Cette nouvelle vision de la romanité n’était peut-être pas suffisamment pratique ou fondée pour empêcher la chute de Rome. Mais lorsqu’elle est tombée, sa résurrection est devenue un effort non seulement pour rétablir la paix et l’ordre sur Terre, mais aussi une mission divine. L’Empire romain était désormais le Saint Empire romain. Et dans ce sens, il a survécu. En fait, c’est un empire qui renaît en ce moment même !

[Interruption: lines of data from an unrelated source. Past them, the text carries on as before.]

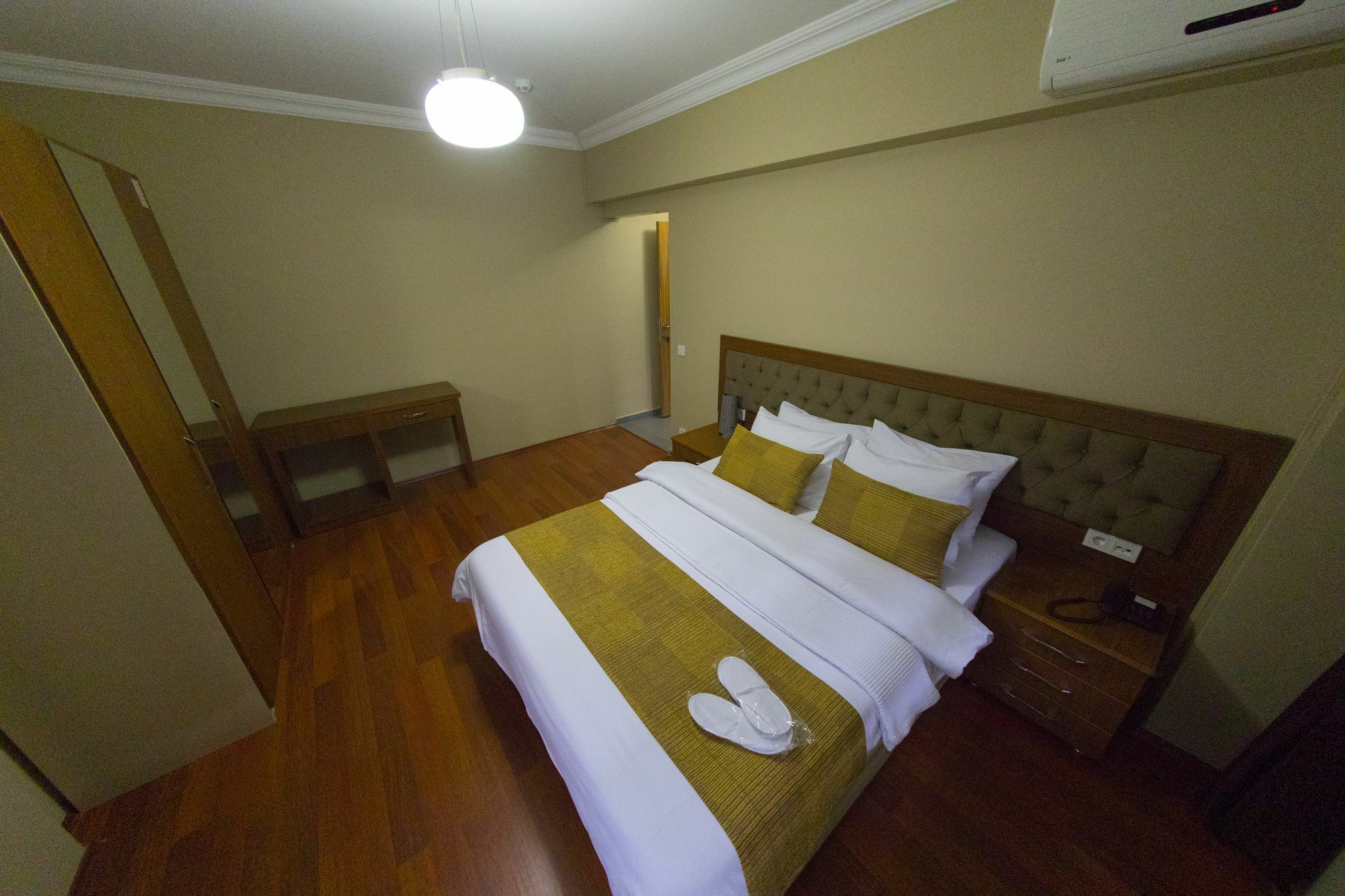 Ramparts Hotel Istanbul Bagian luar foto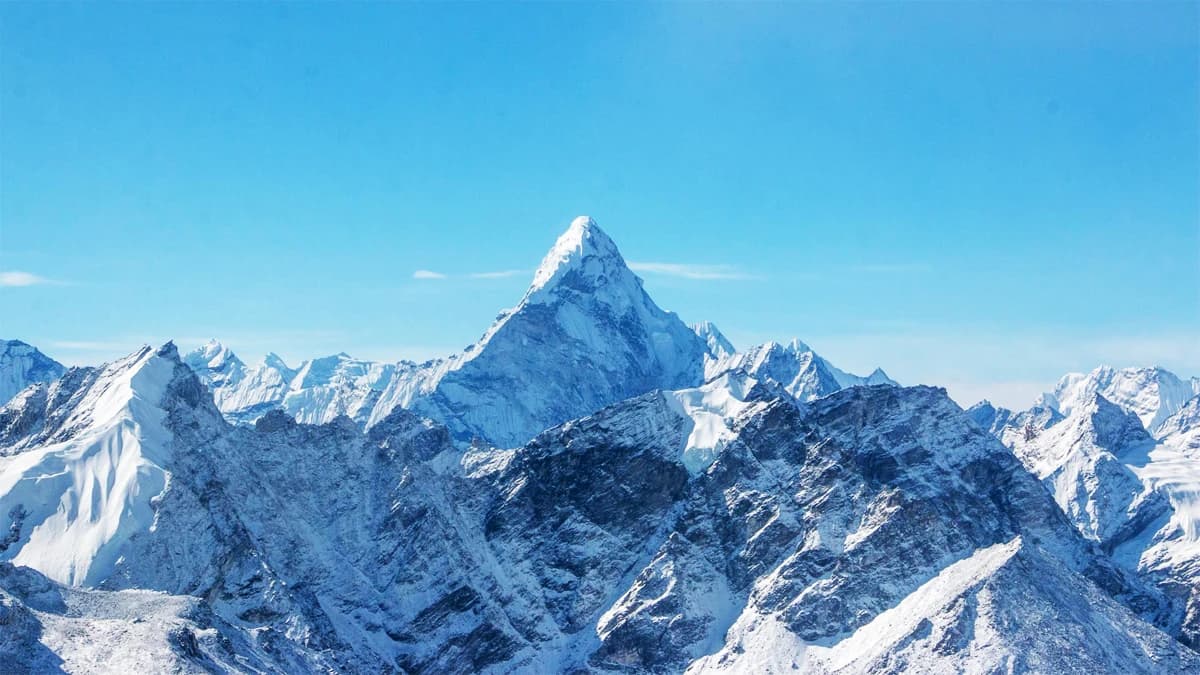 Ama Dablam Climbing - 30 Days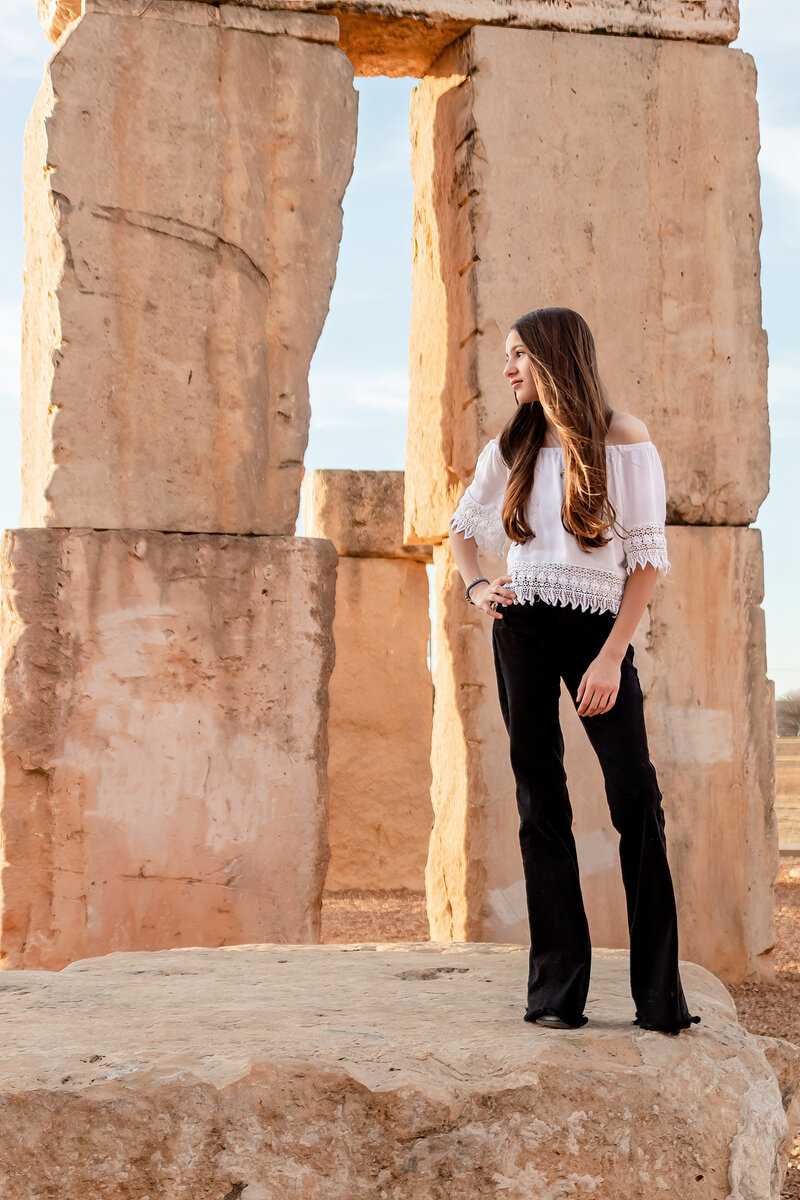 photographer for teen girl at the stonehenge in Odessa Texas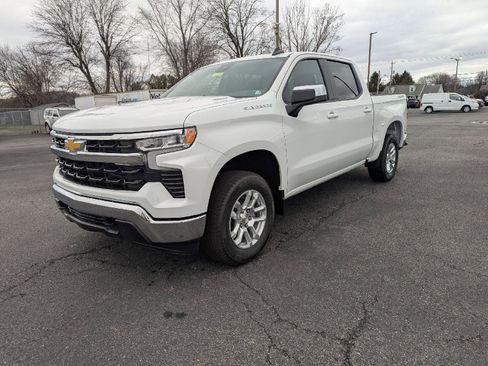 New 2026 Chevrolet Silverado 1500 LT image 4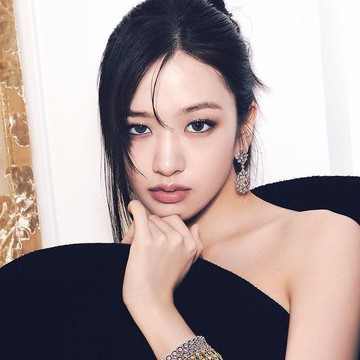 img-title Tampil Classy dan Pancarkan Aura 'Mahal', Intip Potret Terbaru Yujin IVE untukElle Korea Bersama Buccellati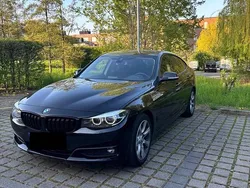 Schwarz Gebraucht 2017 BMW 318 Gran Turismo Limousine | 12.000 €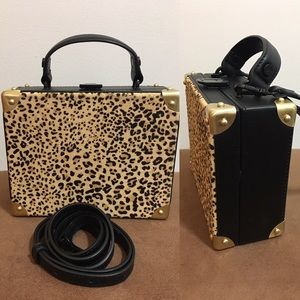 Pre-loved Leopard Square Bag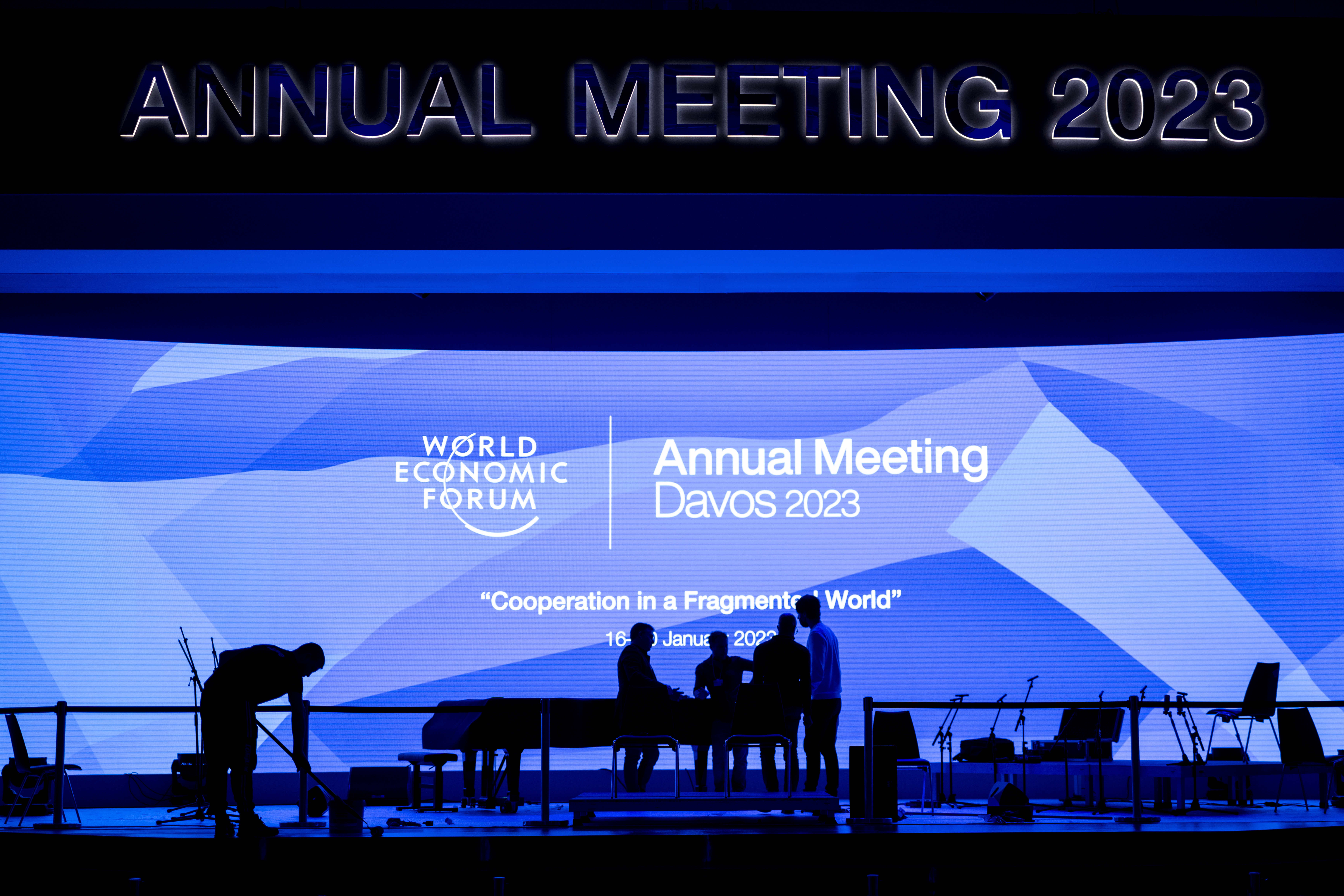 La cantidad y gravedad de las crisis actuales desafían a los líderes en Davos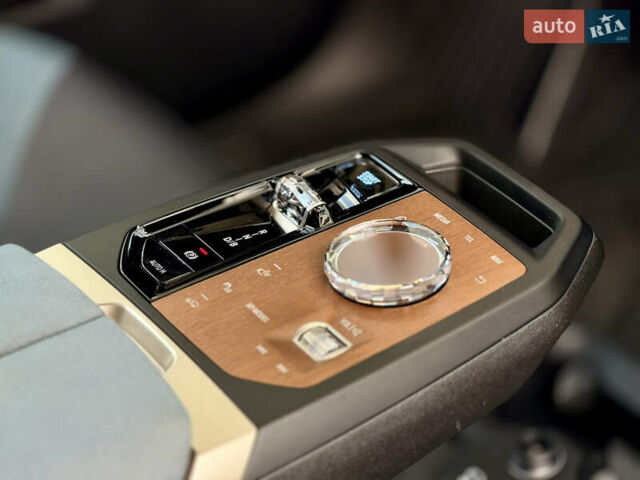 Зеленый БМВ iX, объемом двигателя 0 л и пробегом 45 тыс. км за 59000 $, фото 27 на Automoto.ua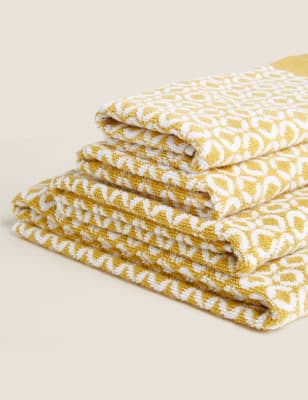 marksandspencer.com | Pure Cotton Repeat Links Towel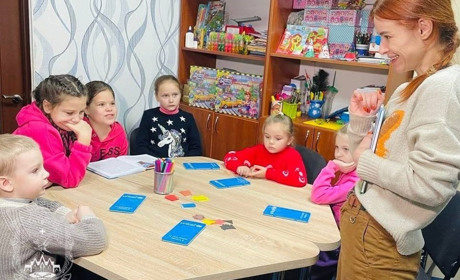 "Котики - патріотики": дітям з Покровська письменниця презентувала книжку про війну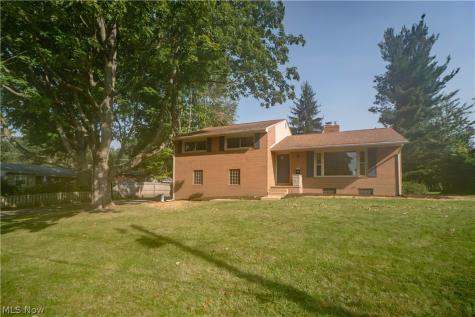 615 Summit Street SE North Canton OH 44720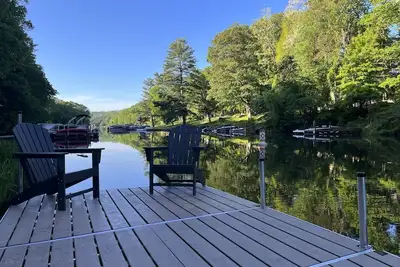 Image de Cozy Lakefront Cottage on Candlewood- swim, relax, hike, wineries 90min from Nyc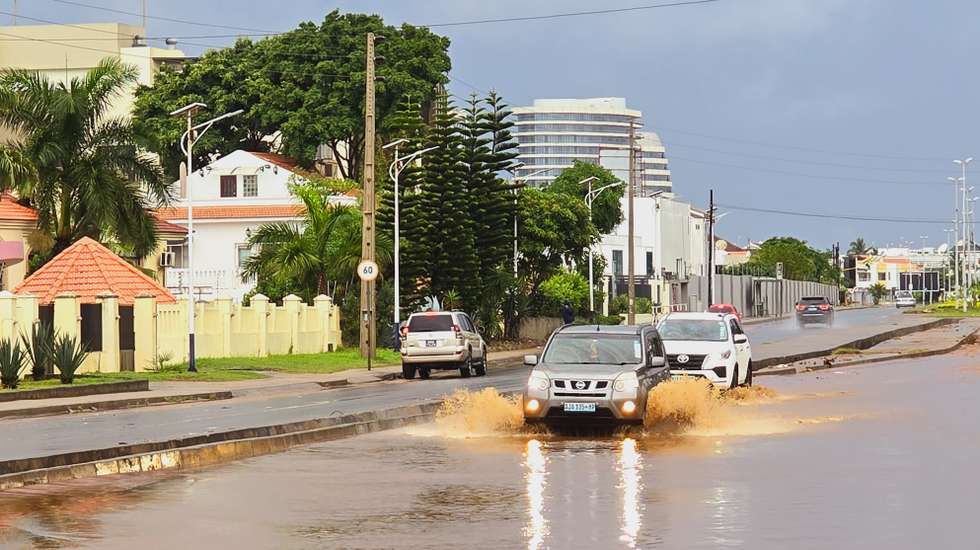 A província de Maputo está, desde a madrugada deste domingo, sob chuva intensa, com a baixa da cidade capital e diversos bairros alagados, prevendo-se que o mau tempo continue até terça-feira, Maputo, Moçambique, 24 de março de 2024.  PAULO JULIÃO/LUSA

Rome était un empire laid et maléfique. Les récits de son origine sont truffés de viols et de meurtres. Elle a commis des génocides et des massacres avec une brutalité organisée presque sans équivalent dans l’histoire. Seuls les nazis ont peut-être tué des innocents avec le même détachement industrialisé que Rome. Pourtant, il y a bien quelque chose d’admirable dans la façon dont les hommes se sont sacrifiés pour une institution qui a au moins apporté une forme de paix à la Méditerranée.
L’ascension et la chute définitives du Saint Empire romain se profilent à l’horizon. Mais cela mène à quelque chose de bien plus grand, plus durable et plus pacifique que ce que l’Empire romain ne pourrait jamais être.
Le Saint Empire romain est une chose qu’Aurélien aurait immédiatement reconnue : une contrefaçon. Il est creux, c’est une fraude, une imposture. Ses meilleurs aspects sont des imitations dramatiquement inférieures de quelque chose de bien plus grand.
Tant d’aspects de ce Saint Empire romain sont une contrefaçon de celui de Dieu. Son ambition sans limites. Son désir d’inclure des gens d’autres nations. Tout ce qui était, ou pourrait être, noble à propos de Rome est sur le point d’être réalisé à une échelle bien plus grande, dans l’Empire de la famille de Dieu.